Me and God. God and Me.

As Saints Paul and Augustine both observed, our hearts are ever restless until we rest in God……and rest in God alone. I guess you could say I am testing their theory.

 

 

Posted in About Lauri, Being Human, God, introverts, Mystics, Oneness with God, Ponderings, Relationships, Spiritual Direction, Surrender

Only God

a personal reflection by Lauri Ann Lumby

This morning’s blog is coming from a deeply personal place and arising out of a place of fragmented vulnerability….so apologies ahead of time for momentary incoherence. 😉

image credit: www.checorreaphotography.com

2017 has been quite an interesting year so far. The most exciting things have been my soul-discovering trip to Ireland and the “new” things that are beginning to be birthed in my world including a promising business partnership and a burgeoning Magdalene Priestess Training program!

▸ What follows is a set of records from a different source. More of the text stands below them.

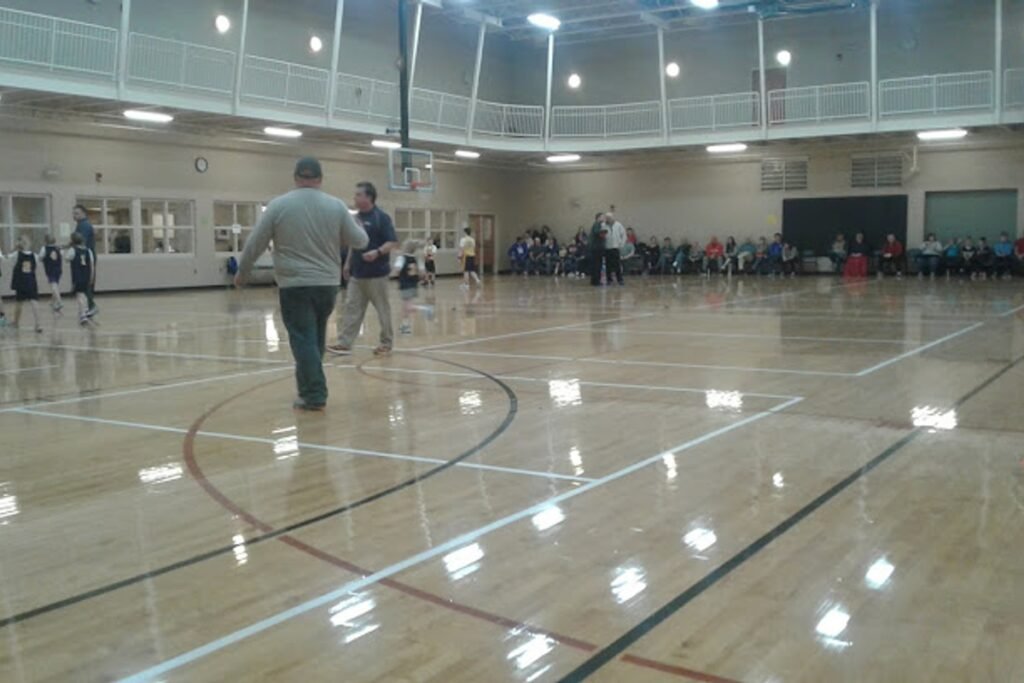 Owensboro Christian Church Recreation Center Owensboro Pickleball Courts near me, pickleball Owensboro, pickleball near me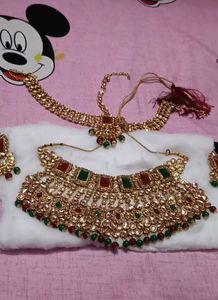 Bridal Jewellery, Fancy Jewellery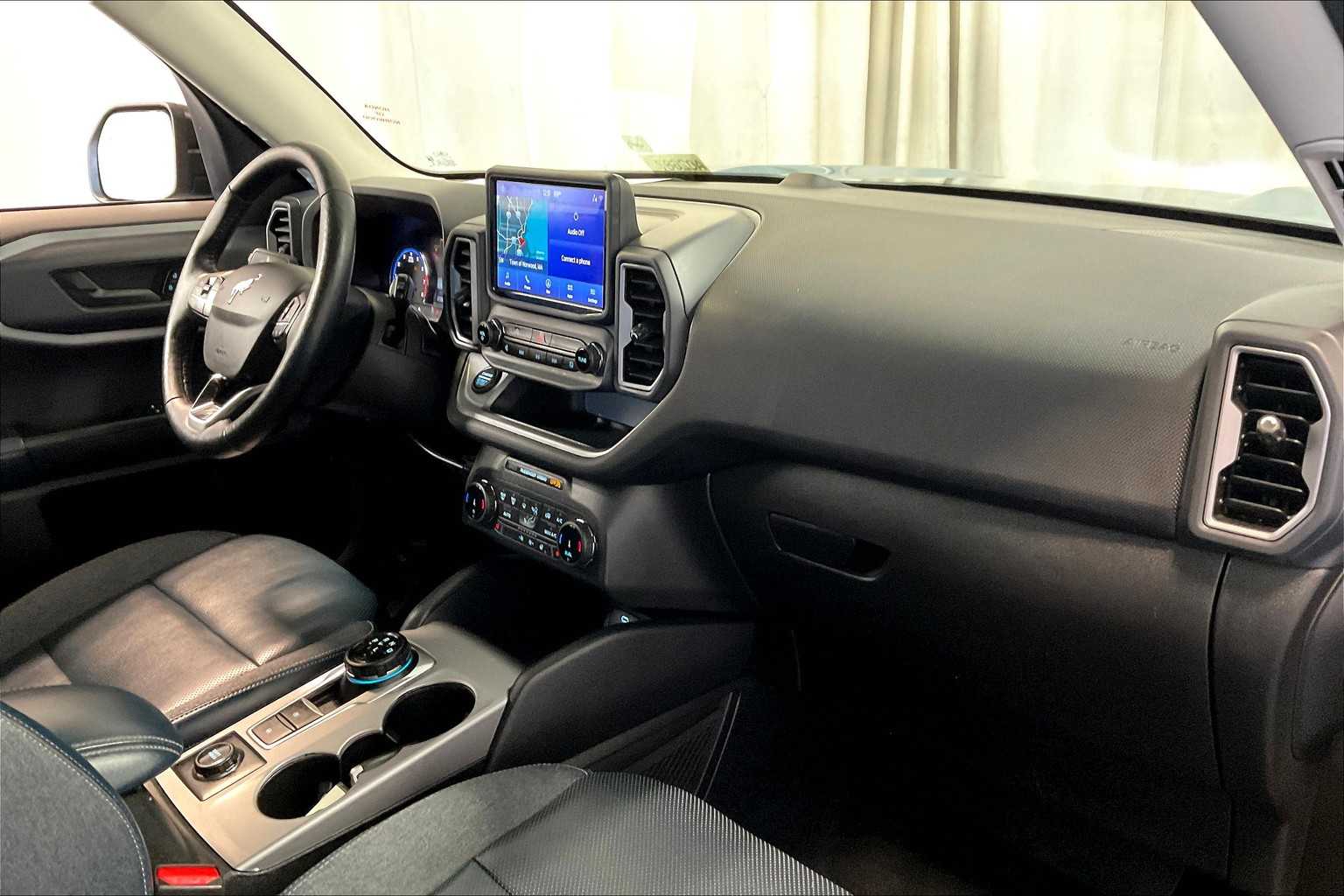 2022 Ford Bronco Sport Outer Banks - Photo 14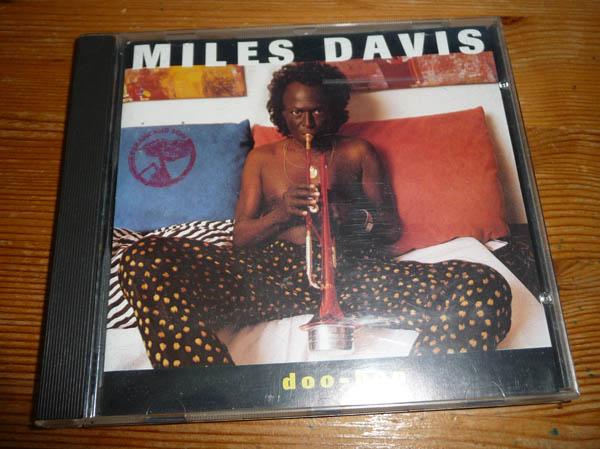CD MILES DAVIS - Doo-bop, Ophalen of Verzenden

Playing a much more central role in 2017, however, has been the ever deepening and every widening journey of LETTING GO! It seems everywhere I turn I am being invited to let go of that which I used to turn to as a source of familiarity, routine, surety, security and support.  It seems I can’t take a single step without being confronted with something asking for release.  This release has included the need to redefine relationships (the nature of, my expectations or hopes around, boundaries, etc.), to let go of certain hopes and dreams; and more materially, facing the need to find new housing and buy a new car.  The whispering threat under all of this letting go is, “And HOW are you going to pay for that?????”  UGH!

As it all came to a head this past weekend with the resurfacing of my deepest core wound and its source, I knew that the letting go was not about letting go, but was in fact about letting in. Specifically – letting God in.

In this realization, I must give credit and gratitude to my experience as a Spiritual Director (and a mystic). If I did not have the awareness of what the Divine call looks like, I would have been in much more despair than I have been (believe me, I’ve spent many hours on the couch wallowing in my grief, despair and perceived helplessness) and not known where to turn or how to make sense of every rug being pulled out from beneath my feet.  God isn’t an asshole (though sometimes it feels like “He” is.).  When we are being invited to let go….it is always for the purpose of letting in.

So, what does it mean when life is inviting us to release EVERYTHING upon which we have previously based our lives and EVERYTHING we formerly turned to as a source of hope and support? It means that life is supporting us in knowing that in the end, there is ONLY God.  Everything that we know of in our human experience is fleeting and temporary – relationships, jobs, homes, cars, money, belongings, our health and wellbeing, life itself.  It is all temporary and in the end, it all passes away.  When all has passed away….what is left is God.  Me and God.  God and me.  And when Lauri Ann Lumby is no longer, there is only God.

I am also grateful for my spiritual director, Leanore, who supported me yesterday in verbalizing my awareness and affirming the invitation. The purpose of all this letting go is so that I can let God in – to let God in on an even deeper level than I have ever done before.  To let God in so that I might know a deeper experience of God’s love.  To know God as my source of support.  To surrender into God’s hands knowing and trusting that God is carrying me to exactly where I need to be.  Most importantly of all….to do what I tell everyone of my students to do – to make God the number one priority of my life, to give all my energy and attention to God, to be open to receiving and being compelled and empowered by God’s love.  It is not about the temporary and fleeting things of this world, it is about God…..and only about God.

In closing, I want to share these words from Stephanie Azaria’s daily post (quoting one of her writers, Marie DesRoches at www.thecosmicpath.com.  If this isn’t God speaking to me, I don’t know what is:

In 3D I used to “think” of surrender as giving up my way and “doing” what God wanted.  In 5D I Align WITH the God That I Am and allow myself to BE all that I AM – expressing, moving, choosing, loving, breathing, WITH and IN that Presence.”